* _Directions_
Repeat each line of the data below exactly, but skip the pictures.

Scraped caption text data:

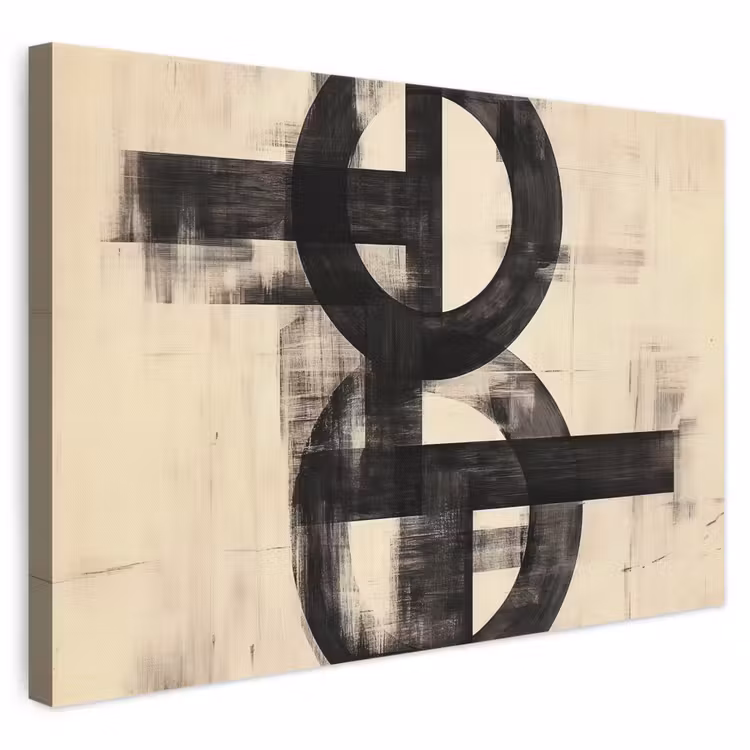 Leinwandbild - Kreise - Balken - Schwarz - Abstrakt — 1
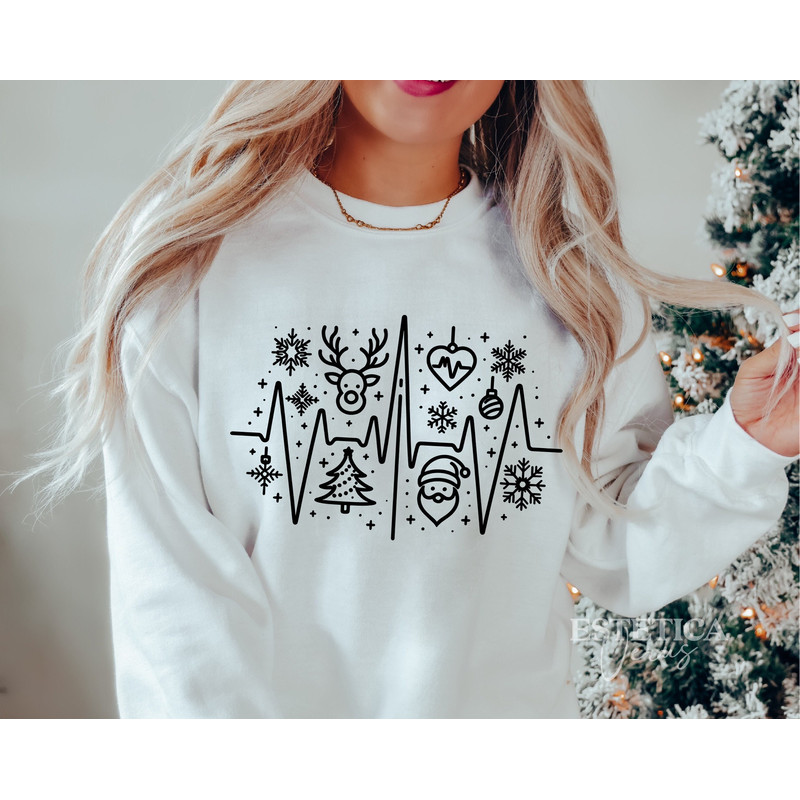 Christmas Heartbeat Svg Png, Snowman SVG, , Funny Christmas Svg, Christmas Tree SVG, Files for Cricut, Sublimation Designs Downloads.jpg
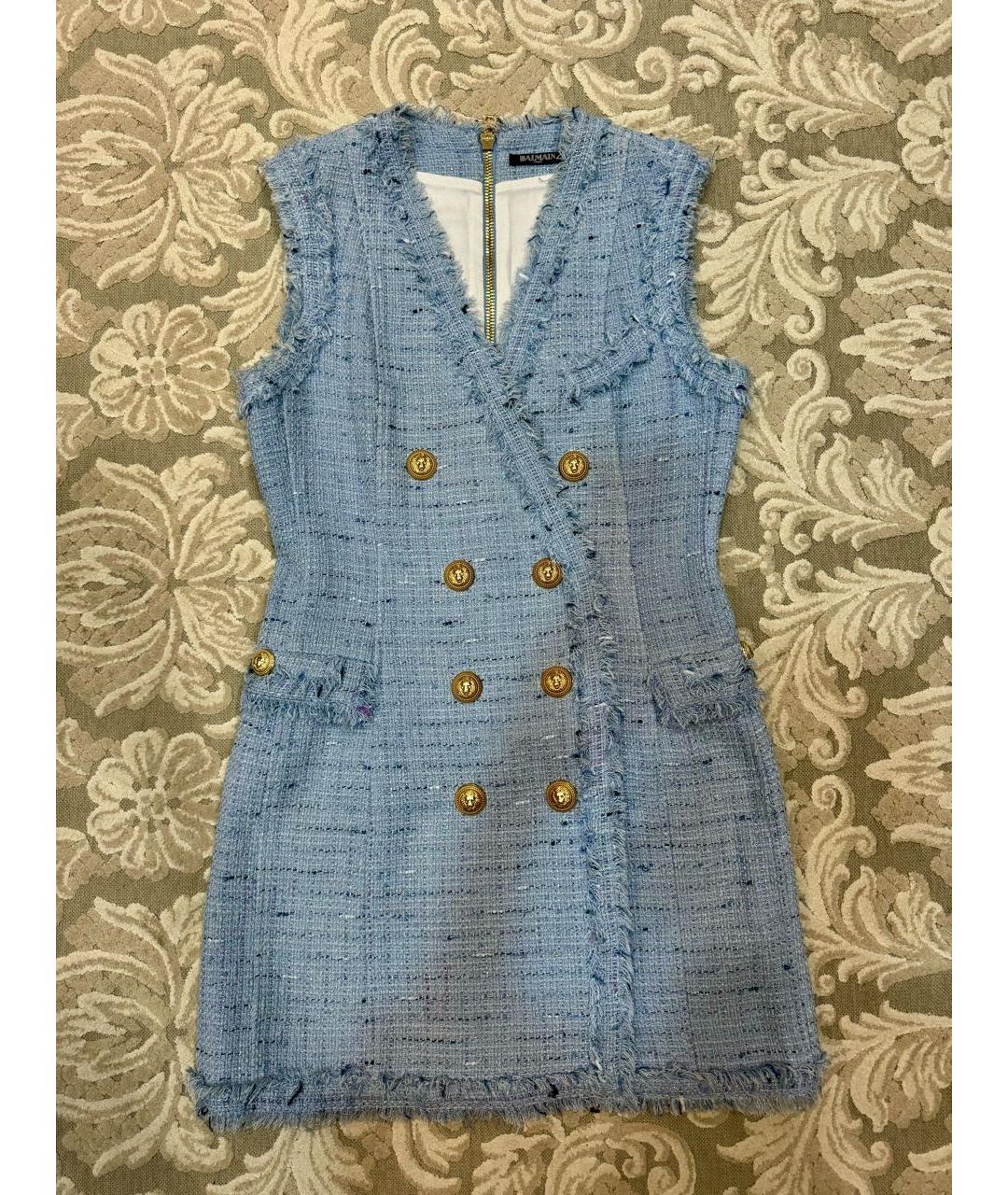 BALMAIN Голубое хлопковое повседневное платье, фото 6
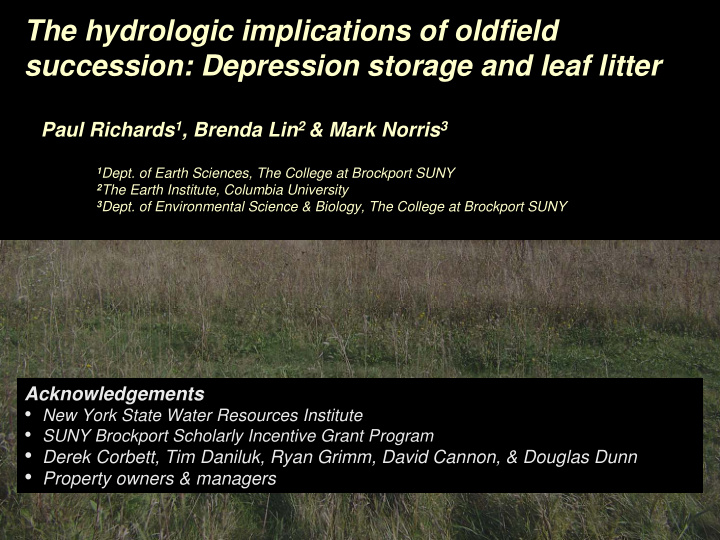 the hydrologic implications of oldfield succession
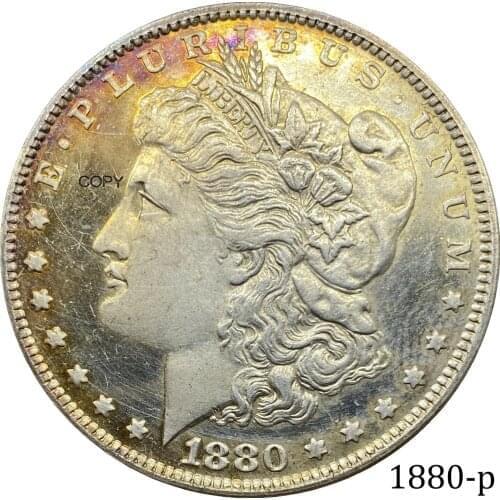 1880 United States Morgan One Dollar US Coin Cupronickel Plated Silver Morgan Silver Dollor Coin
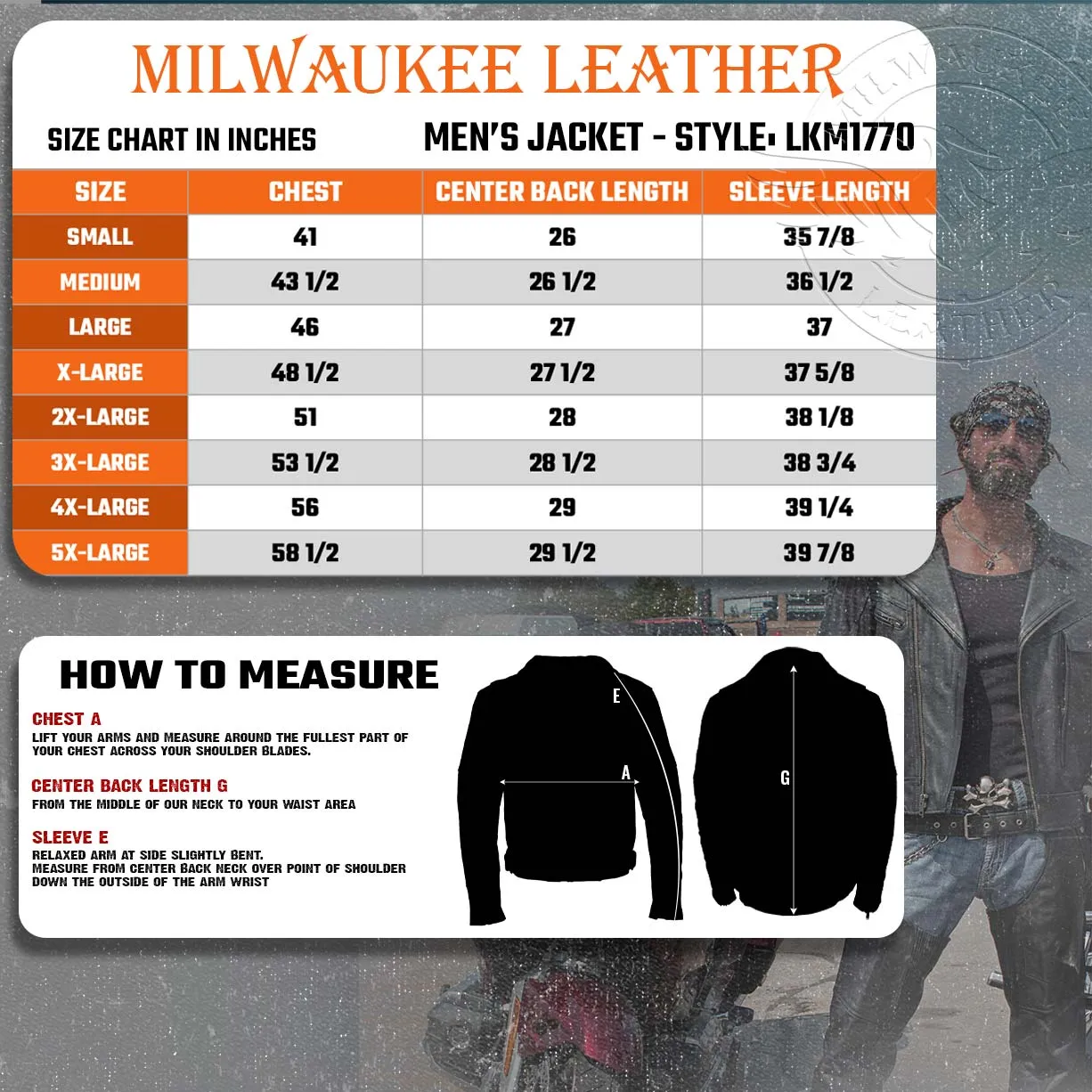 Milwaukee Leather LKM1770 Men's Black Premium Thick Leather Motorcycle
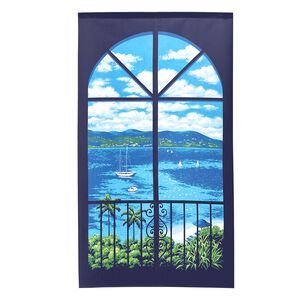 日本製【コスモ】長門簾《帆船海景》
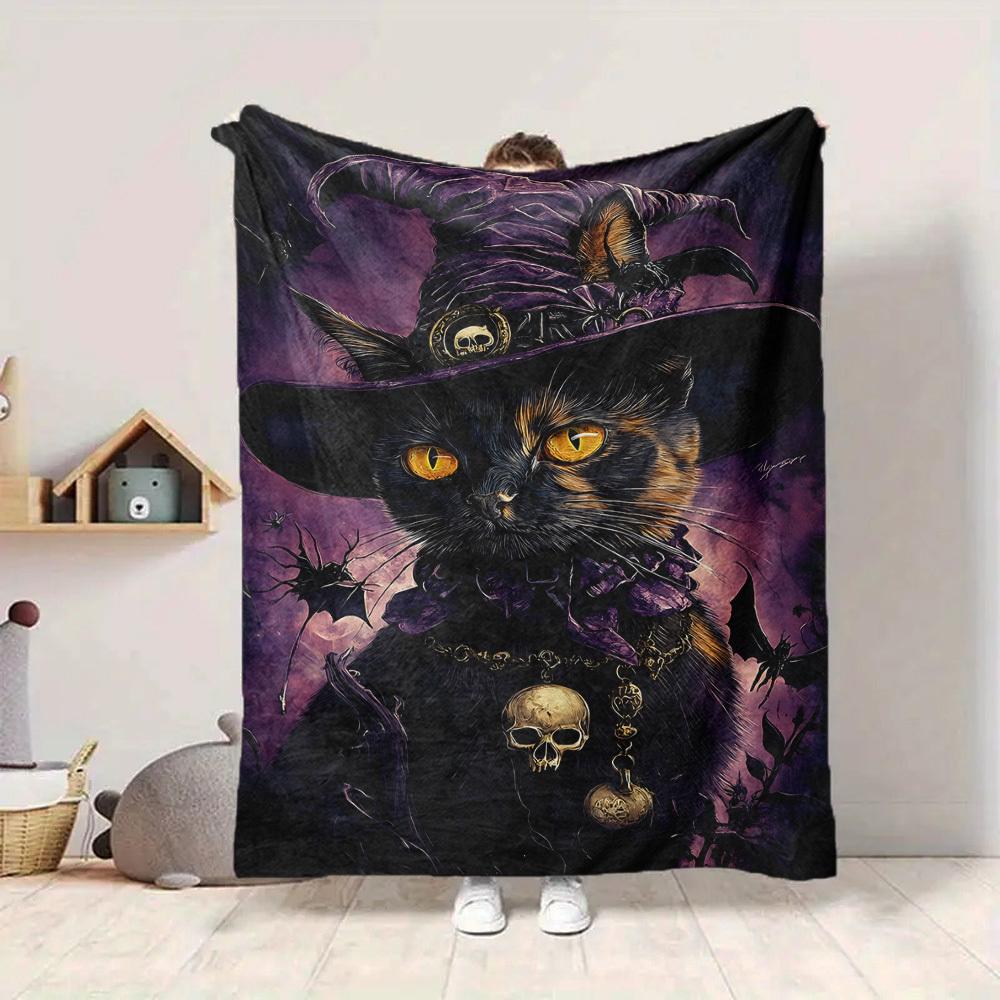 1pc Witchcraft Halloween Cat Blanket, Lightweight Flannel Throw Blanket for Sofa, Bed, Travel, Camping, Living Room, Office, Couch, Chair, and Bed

* _Exercise response_
 Leinwandbild - Kreise - Balken - Schwarz - Abstrakt — 1
 Christmas Heartbeat Svg Png, Snowman SVG, , Funny Christmas Svg, Christmas Tree SVG, Files for Cricut, Sublimation Designs Downloads.jpg
 BALMAIN Голубое хлопковое повседневное платье, фото 6
 the hydrologic implications of oldfield succession
 1880 United States Morgan One Dollar US Coin Cupronickel Plated Silver Morgan Silver Dollor Coin
 Milwaukee Leather LKM1770 Men's Black Premium Thick Leather Motorcycle
 日本製【コスモ】長門簾《帆船海景》
 1pc Witchcraft Halloween Cat Blanket, Lightweight Flannel Throw Blanket for Sofa, Bed, Travel, Camping, Living Room, Office, Couch, Chair, and Bed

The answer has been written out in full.